Y es que así era ella, además de ser una de las personas de confianza de Felipe II, que no es poca cosa.

              Su infancia no fue muy agradable, pese a su estatus social, y es que en todas las casas se cuecen habas. Un padre ausente constantemente, de mala cabeza para las gestiones administrativas, mujeriego, y además siempre metido en conflictos. No ha de extrañar que en el momento en que se pudo, lo mandaron bien lejos.

La princesa tuvo una vida muy placentera en cuando a comodidades y como toda mujer de la época que podía, alardeaba de ello. Pero donde verdaderamente se sentía cómoda era entre las conversaciones a las que las damas de la corte no estaban invitadas. Por eso se ganó tanta fama, a veces cierta y otras inventada. Con el Rey, por ejemplo, ¿Tuvieron realmente una relación? ¿O simplemente era admiración mutua de dos grandes de la época?

              A la princesa le podía el poder y aunque su marido Ruy Gómez de Silva, el mejor amigo del Rey, la rodeó de todo tipo de lujos y consiguió para ella y sus cinco hijos todo un legado. A la princesa aún le parecía poco.

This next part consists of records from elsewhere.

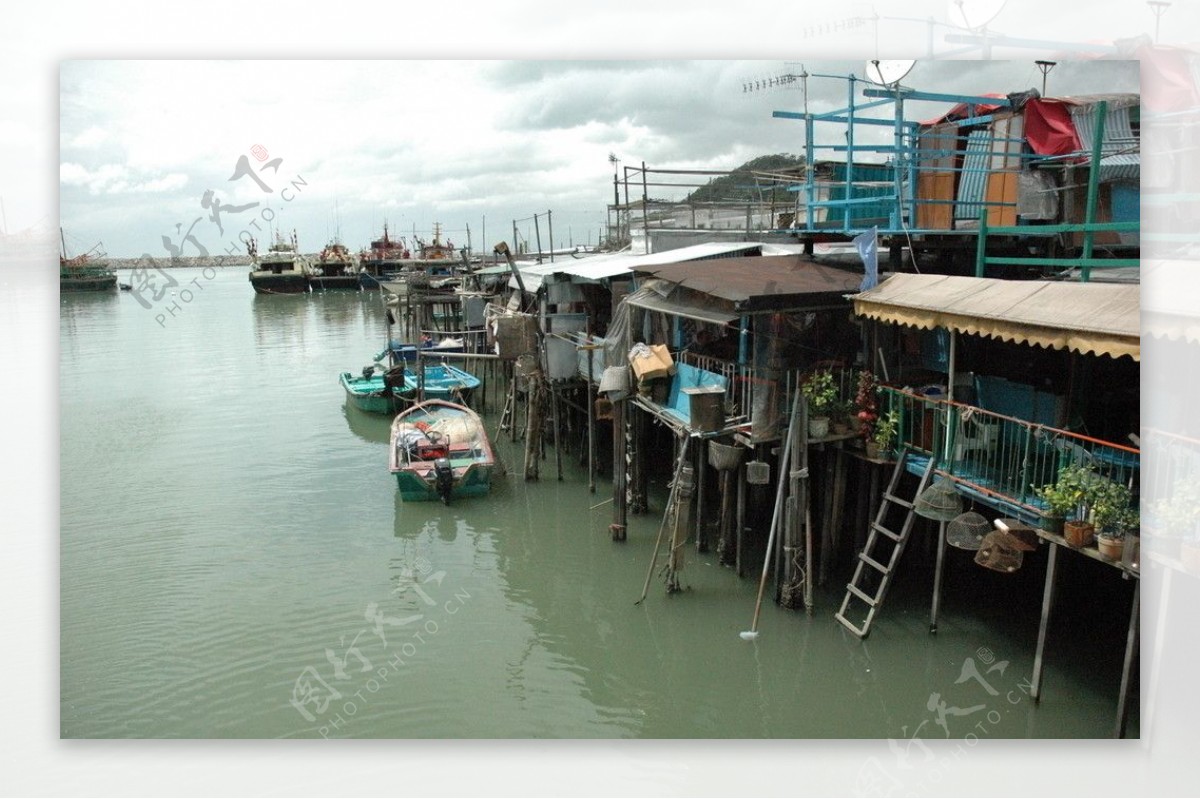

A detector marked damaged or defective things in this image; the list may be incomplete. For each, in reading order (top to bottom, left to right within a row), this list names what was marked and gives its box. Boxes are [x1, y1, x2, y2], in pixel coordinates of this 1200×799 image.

rusty metal roof [638, 253, 864, 311]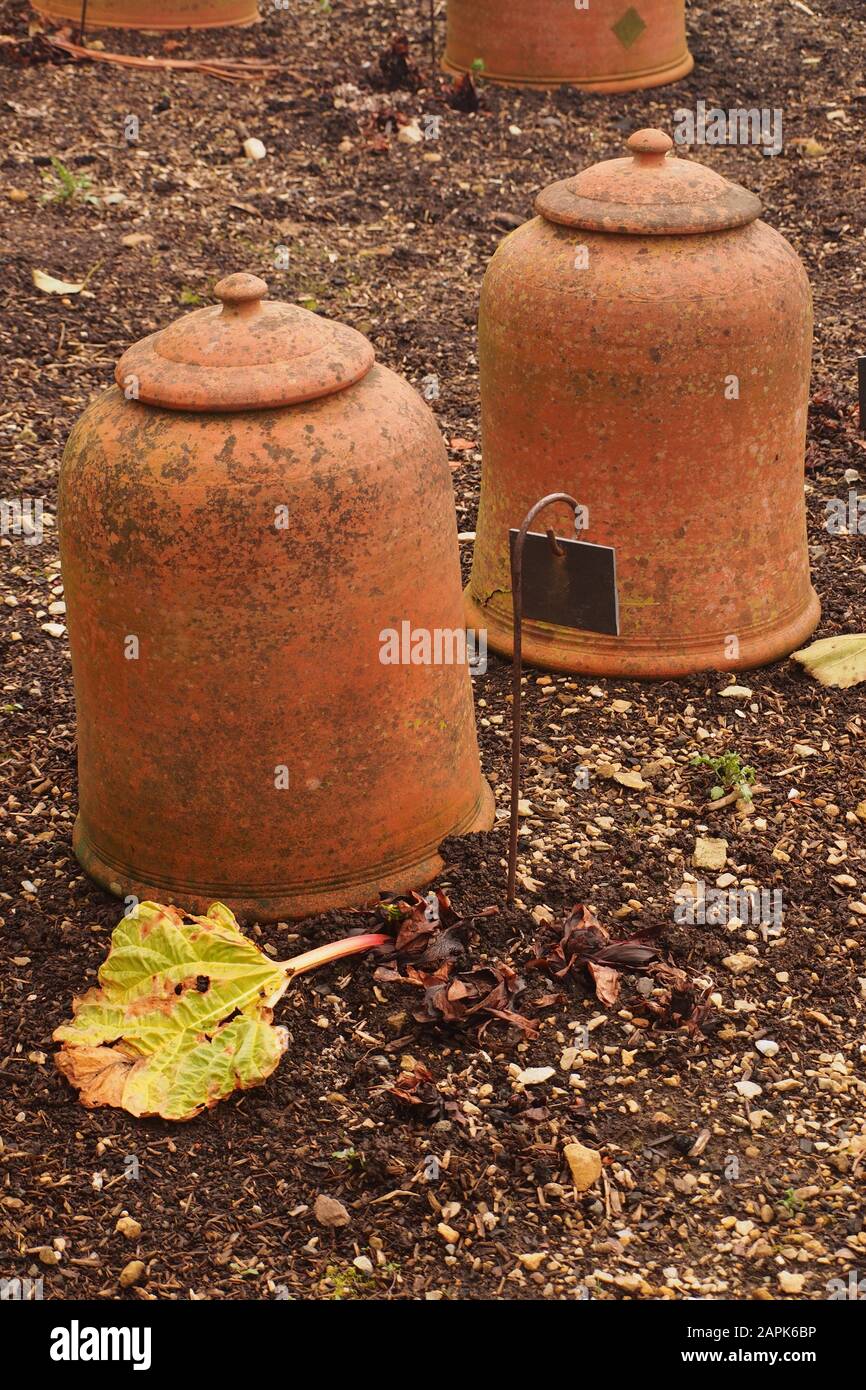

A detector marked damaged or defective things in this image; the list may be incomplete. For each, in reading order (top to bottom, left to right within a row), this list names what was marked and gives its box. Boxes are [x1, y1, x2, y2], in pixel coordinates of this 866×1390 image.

rusty metal stake [508, 494, 583, 906]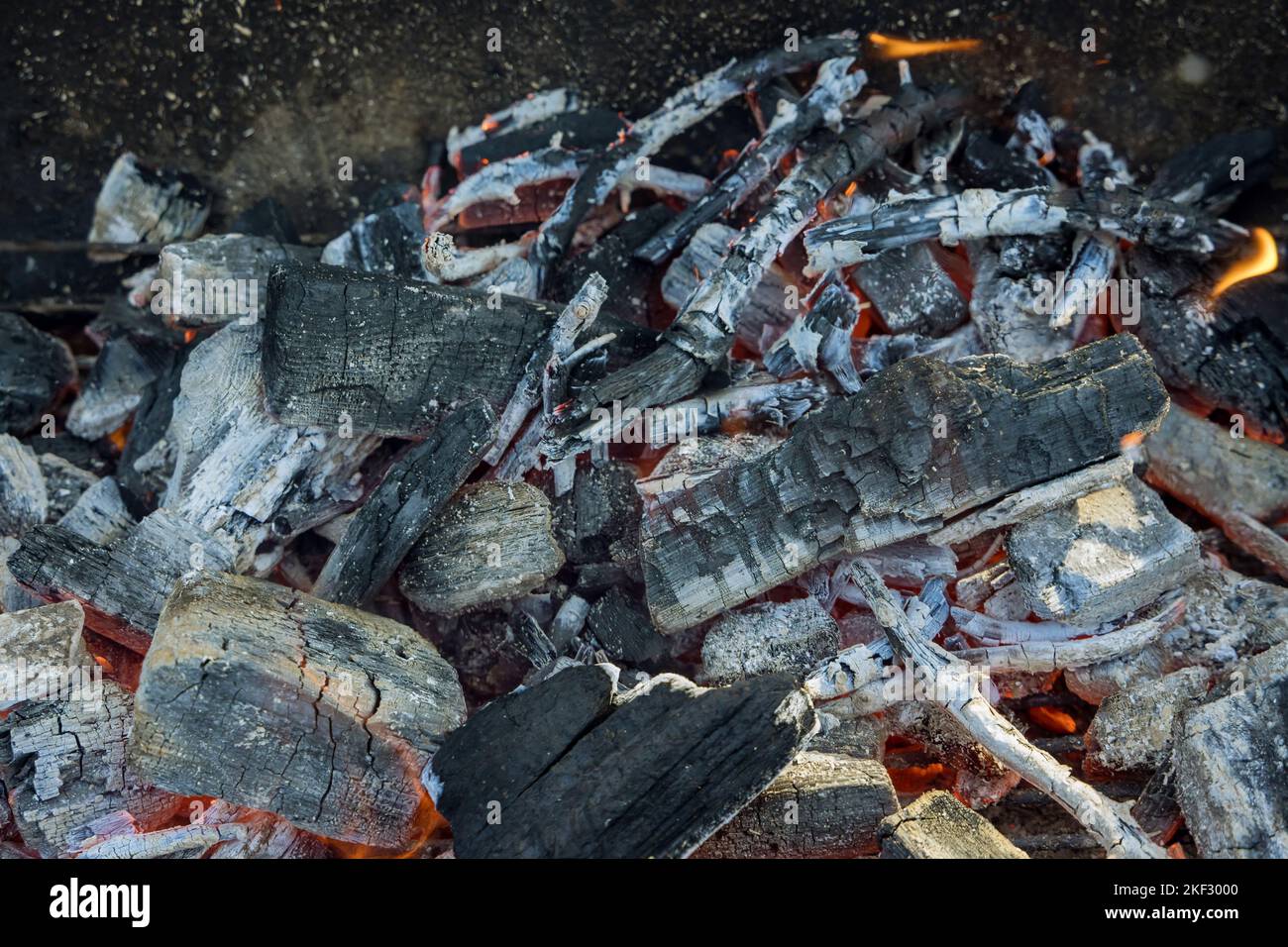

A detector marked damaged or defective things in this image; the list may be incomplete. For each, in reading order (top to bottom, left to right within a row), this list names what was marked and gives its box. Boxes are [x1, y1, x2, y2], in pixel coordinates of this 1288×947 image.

burnt wood piece [0, 313, 76, 435]
splintered charred wood [0, 313, 76, 435]
burnt wood piece [88, 154, 209, 262]
splintered charred wood [88, 155, 209, 262]
splintered charred wood [157, 234, 318, 329]
splintered charred wood [263, 259, 559, 438]
burnt wood piece [528, 33, 860, 288]
splintered charred wood [528, 34, 860, 288]
thin burnt stick [633, 55, 865, 264]
splintered charred wood [633, 56, 865, 264]
burnt wood piece [633, 56, 865, 264]
burnt wood piece [551, 81, 968, 451]
splintered charred wood [855, 241, 968, 337]
burnt wood piece [855, 242, 968, 340]
burnt wood piece [1, 675, 181, 860]
splintered charred wood [1, 675, 181, 860]
burnt wood piece [8, 510, 234, 652]
splintered charred wood [7, 510, 235, 652]
burnt wood piece [125, 575, 466, 855]
splintered charred wood [129, 569, 469, 850]
thin burnt stick [311, 399, 496, 607]
splintered charred wood [315, 396, 496, 602]
burnt wood piece [315, 399, 496, 607]
splintered charred wood [393, 481, 561, 615]
burnt wood piece [393, 481, 561, 615]
burnt wood piece [432, 665, 813, 860]
splintered charred wood [432, 670, 813, 860]
splintered charred wood [700, 594, 839, 684]
burnt wood piece [700, 594, 839, 684]
burnt wood piece [696, 757, 896, 860]
splintered charred wood [696, 757, 896, 860]
burnt wood piece [641, 337, 1169, 633]
splintered charred wood [644, 337, 1169, 633]
thin burnt stick [644, 337, 1169, 633]
splintered charred wood [875, 793, 1024, 860]
burnt wood piece [875, 793, 1024, 860]
burnt wood piece [1010, 476, 1200, 626]
splintered charred wood [1010, 481, 1200, 628]
burnt wood piece [1169, 675, 1288, 860]
splintered charred wood [1174, 675, 1288, 860]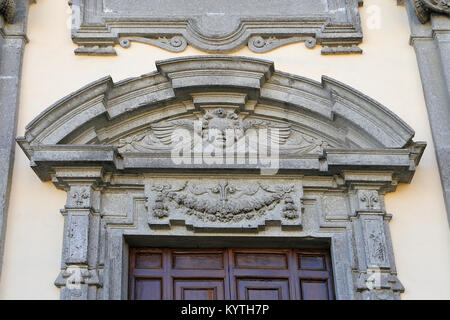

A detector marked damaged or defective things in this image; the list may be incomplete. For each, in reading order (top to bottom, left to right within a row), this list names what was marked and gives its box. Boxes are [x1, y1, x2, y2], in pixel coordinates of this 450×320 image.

broken pediment [17, 56, 426, 184]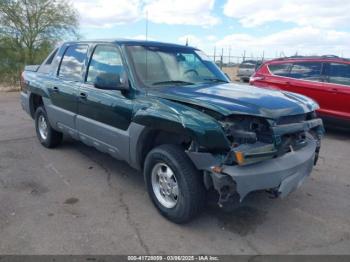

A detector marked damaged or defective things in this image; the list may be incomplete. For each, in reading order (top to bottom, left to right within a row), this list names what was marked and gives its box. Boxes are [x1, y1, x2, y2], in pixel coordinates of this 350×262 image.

crumpled hood [148, 83, 318, 118]
damaged front end [187, 111, 324, 206]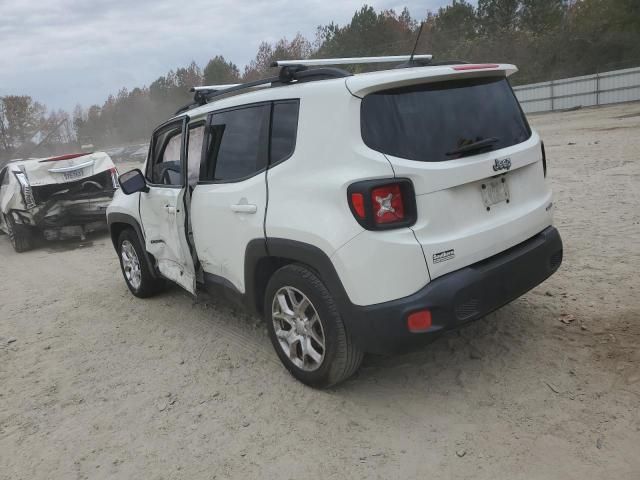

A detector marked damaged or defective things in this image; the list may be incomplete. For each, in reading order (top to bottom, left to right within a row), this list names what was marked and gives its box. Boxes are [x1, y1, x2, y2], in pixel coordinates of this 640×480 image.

wrecked white car [0, 153, 119, 251]
damaged white suv [0, 153, 119, 251]
damaged white suv [107, 57, 564, 386]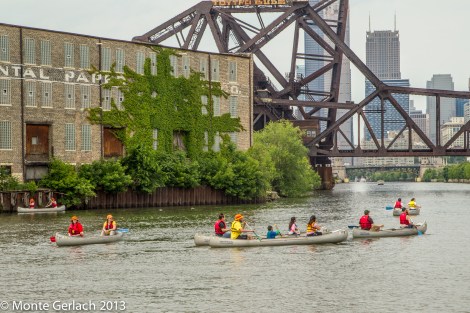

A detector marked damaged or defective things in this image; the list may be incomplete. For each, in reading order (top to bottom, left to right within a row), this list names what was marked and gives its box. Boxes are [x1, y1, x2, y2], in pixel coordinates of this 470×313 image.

rusty bridge structure [132, 0, 470, 188]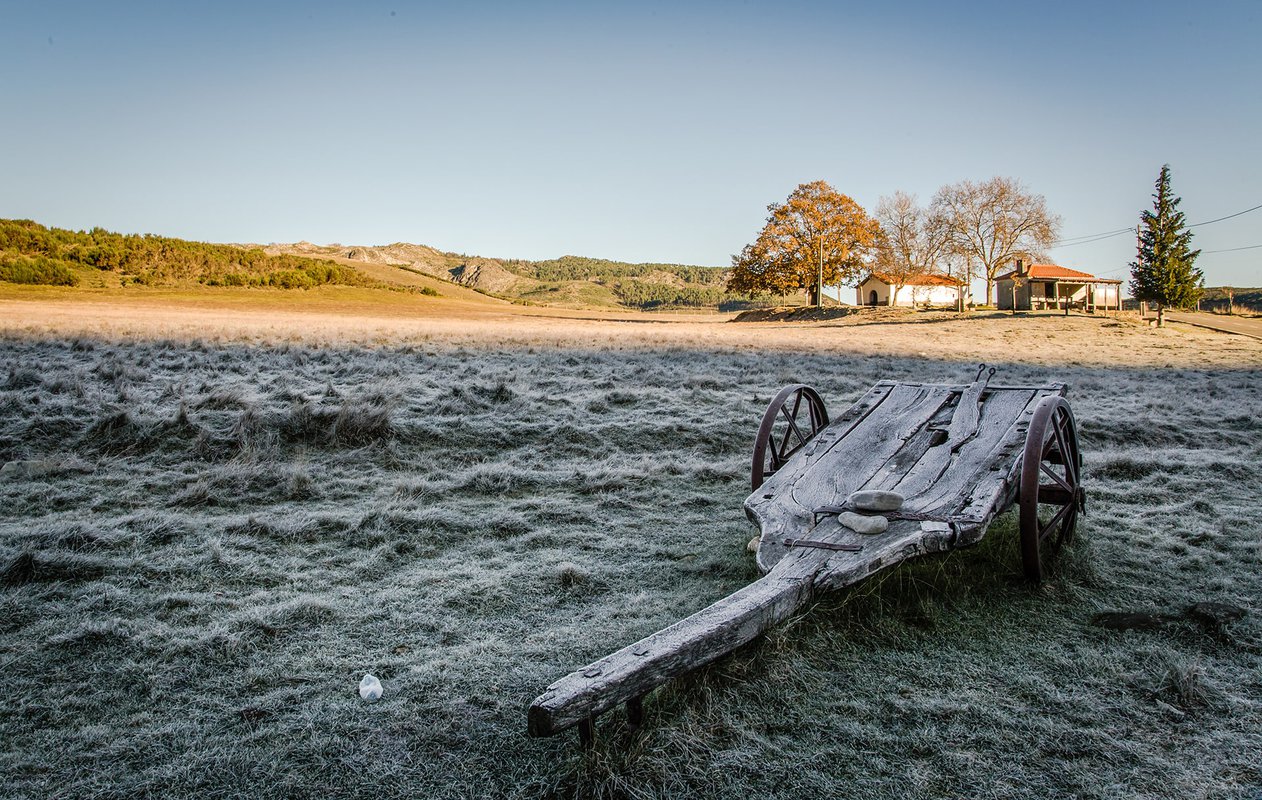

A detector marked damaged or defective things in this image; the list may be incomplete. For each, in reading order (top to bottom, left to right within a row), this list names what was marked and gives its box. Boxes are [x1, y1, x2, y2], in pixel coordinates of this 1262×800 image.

rusty iron wheel [752, 384, 828, 490]
rusty iron wheel [1016, 398, 1088, 580]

Acostumbrada como estaba a conseguir todo lo que se proponía, y a que todo el mundo se rindiera a sus pies, cruzó quizás varias líneas que jamás debería de haber cruzado. Una de ellas con Santa Teresa de Jesús. Al morir el esposo de la princesa ésta pidió entrar al convento de las Carmelitas descalzas que la Santa había levantado en Pastrana. Por supuesto no tuvo ningún problema, ya que la financiación había salido de su bolsillo. Sin embargo, eso no era motivo suficiente para dejarle entrar en el convento sin cumplir lo que tan rigurosamente se exige a toda novicia. Y este asunto traía en un sin vivir a todas las que vivían en el convento. Pero la gota que colmó el vaso fue que un día, la princesa abusando de la confianza que la Santa le tenía, ésta le entregó en mano algo muy valioso para ella, “El libro de la vida”, para que la princesa lo leyera. Y para sorpresa de la Santa un día se la encontró mofándose a través de la lectura con sus doncellas de lo que ésta había escrito. Santa Teresa no aguantó más la situación y esa misma noche abandonó junto con sus compañeras el convento. Dió cuenta de todo al Rey quien le pidió a la princesa que recobrara la compostura. Pero esta en vez de dejar el agua correr, jugó mas alto y denunció a Santa Teresa a la Santa Inquisición por todo lo escrito en aquel libro. La cosa no fue a más, porque el Rey intervino a favor de la Santa. Viendo este la situación de descontrol que rodeaba a la princesa puso al servicio de esta a su secretario personal Antonio Pérez. Creo que Felipe a fecha de hoy aún se arrepiente de esta decisión.

              La princesa y el secretario no solo comenzaron un romance en secreto y apasionado, que no es de la incumbencia de nadie. Lo que les llevó a la perdición fueron las constantes conspiraciones contra la corona. Los conocimientos de lo que ocurría en la corte por parte de Antonio y el poder de ambición por parte de la princesa fue una bomba de relojería. Hasta a los Países Bajos llegaron las habladurías, y por lo tanto a oídos de Don Juan de Austria, hermano del Rey. Quien mandó a su secretario para ver qué pasaba en España y para que le pusiera al corriente de los peligros que corría su hermano en la Corte y lo que se tramaba con Portugal. Juan de Escobedo sería quien haría saltar la chispa de la pólvora. Y quien moriría bajo la gran conspiración contra el Rey en el intento de cumplir con su mandato.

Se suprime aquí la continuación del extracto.